Hindistan, son yıllarda küresel savunma pazarında önemli bir aktör haline gelmişken, ABD’nin öne çıkan F-35 savaş uçağı teklifini reddetti. Bu karar, Hindistan’ın savunma stratejisinin ve dış politikalarının ne denli dinamik olduğuna işaret ediyor. Hindistan, kendi savunma sanayisini geliştirmeye yönelik adımlar atmaya devam ederken, bu kararın arka planında yatan sebepler ve geleceğe yönelik etkileri oldukça merak uyandırıyor. Dünyanın en kalabalık ikinci ülkesi olarak savunma harcamalarını artırma kararlılığını sürdüren Hindistan, kendi milli projelerine öncelik vermekte ve bu süreçte ABD ile ilişkilerini yeniden gözden geçirmekte.
Hindistan, 21. yüzyılda ciddiyetle ele aldığı savunma stratejisi doğrultusunda, kendi savunma sanayisini güçlendirme hedefiyle hareket etmekte. Bu kapsamda, ABD’nin F-35 süper savaş uçağı teklifinin reddedilmesi, Hindistan’ın kendi savunma projelerine olan bağlılığının bir göstergesi. Son yıllarda Askeri Yerli Üretim (Make in India) programının etkisiyle, yerli üretim silah sistemleri ve araçları üzerinde yoğunlaşan Hindistan, dışa bağımlılığı azaltmayı amaçlıyor. Ülkenin Savunma Bakanlığı, yerli üretim projelerinin etkinliğini artırmak için devlet destekli girişimlerle bu yaklaşıma hız katmakta.
Hindistan’ın bu durumu, bir yandan ABD ile olan savunma işbirliğini sorgularken, diğer yandan kendi savunma gücünü şekillendirecek alternatif arayışlarını hızlandırıyor. F-35’in gelişmiş özellikleri ile dikkat çekmesine rağmen, Hindistan mevcut bütçesi ve stratejik hedefleri doğrultusunda kendi yerli projeleriyle yola devam etmeyi tercih etti. Bu kararla beraber, Hindistan, gelişmiş teknolojilere sahip kendi savaş uçaklarını geliştirme hedefini de pekiştirmiş oldu.
Hindistan’ın F-35 kararının etkileri sadece askeri alanda değil, aynı zamanda Hindistan-ABD ilişkileri üzerinde de önemli yansımaları beraberinde getiriyor. Henüz müzakerelerin başında olan iki ülke, özellikle savunma işbirliği alanında belirgin bir ayrışma yaşıyor. Bazı uzmanlar bu durumun, hem Hindistan’ın bağımsız bir savunma stratejisi geliştirme hedefinin bir sonucu olduğunu hem de ABD’nin teknoloji transferi konusundaki yetersizlikleri ile ilişkili olduğu görüşünü savunuyor. Bu bağlamda Hindistan, gelecek dönemde kendi hava kuvvetlerini ve deniz güçlerini daha da güçlendirme amacı doğrultusunda adımlar atmakta kararlı.

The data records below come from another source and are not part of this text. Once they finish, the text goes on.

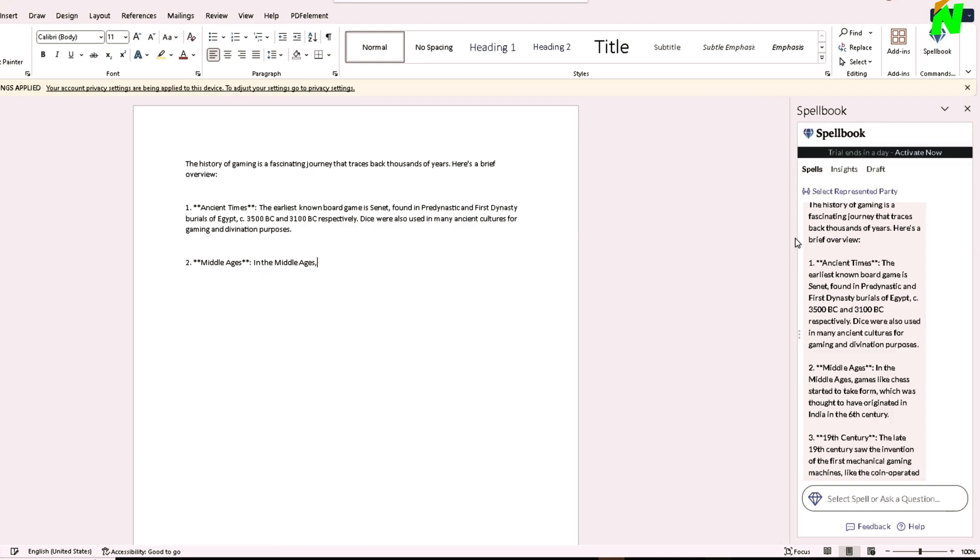Yeah, that's basically it on how you can integrate ChatGPT in Word. I hope I helped you guys out.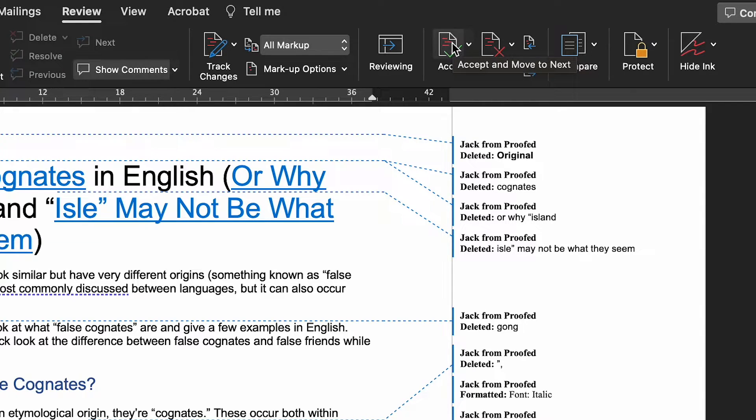Simply go through each edit in turn, then click Accept or Reject as required. Once you've reviewed all the changes, you can then re-save your document as a new draft, keeping any of the revisions you've made and ignoring any that you haven't.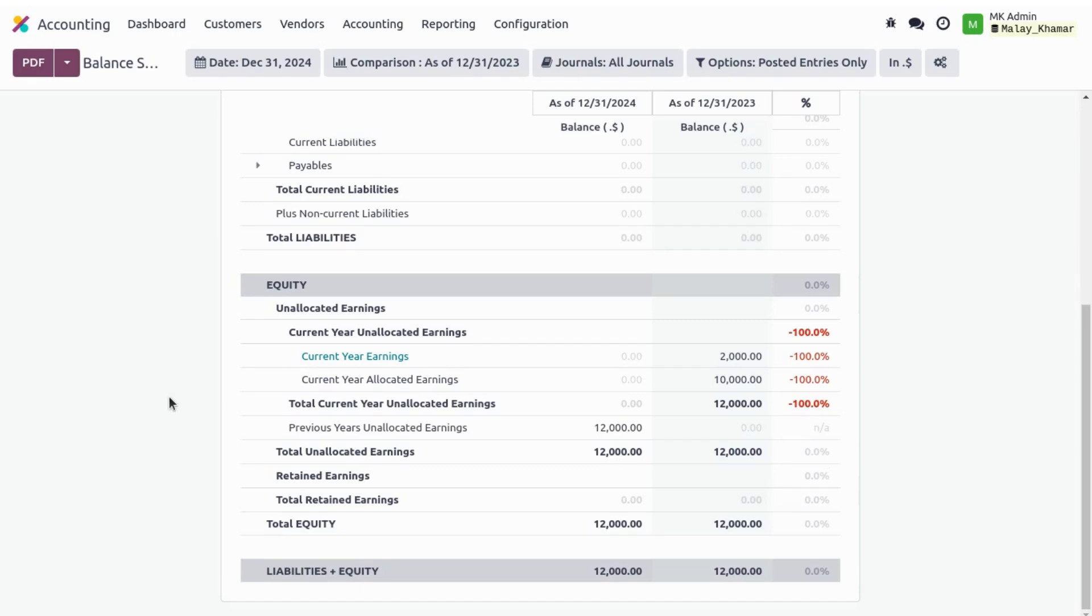They can share and distribute this amount to their stakeholders, or they can retain this amount and use it in the next financial year.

Ayrıca, Türkiye ve Rusya gibi ülkelerle yapılan savunma anlaşmaları da Hindistan'ın dış politika eksenini daha geniş bir perspektife yaymaktadır. S-400 almak için yapılan anlaşmalar gibi, Hindistan, yalnızca belirli ülkelerle değil, aynı zamanda çeşitli askeri işbirlikleriyle güçlü bir uluslararası istikrar yaratmayı amaçlıyor. Özellikle Rus askeri teknolojilerine olan ilgi, Hindistan’ın bağımsız bir savunma modeli oluşturma çabalarını desteklemekte. Bu yaklaşımlar neticesinde, Hindistan gelecekte, kendi kimliğine uygun bir askeri güç olarak dünya sahnesinde daha aktif bir rol alacak gibi görünüyor.
Sonuç olarak, Hindistan’ın ABD’nin F-35 teklifini reddetmesi, sadece bir duyuru değil, aynı zamanda bir strateji değişiminin parçası. Yerli savunma sanayisine yapılan yatırımların ve teknolojik bağımsızlık arayışının artması, Hindistan’ın bölgedeki rolünü güçlendirecek ve global güç dengelerinde önemli bir etki yaratacaktır. Hindistan’ın yıllar içinde artan savunma harcamaları ve stratejik ortaklıklar ile bu alandaki değişim rüzgarlarını daha da hızlandıracağı artık aşikar. Umut, Hindistan’ın kendi milli güvenlik hedeflerine ulaşmayı ve bölgesel istikrarı sağlamayı başarmasıdır.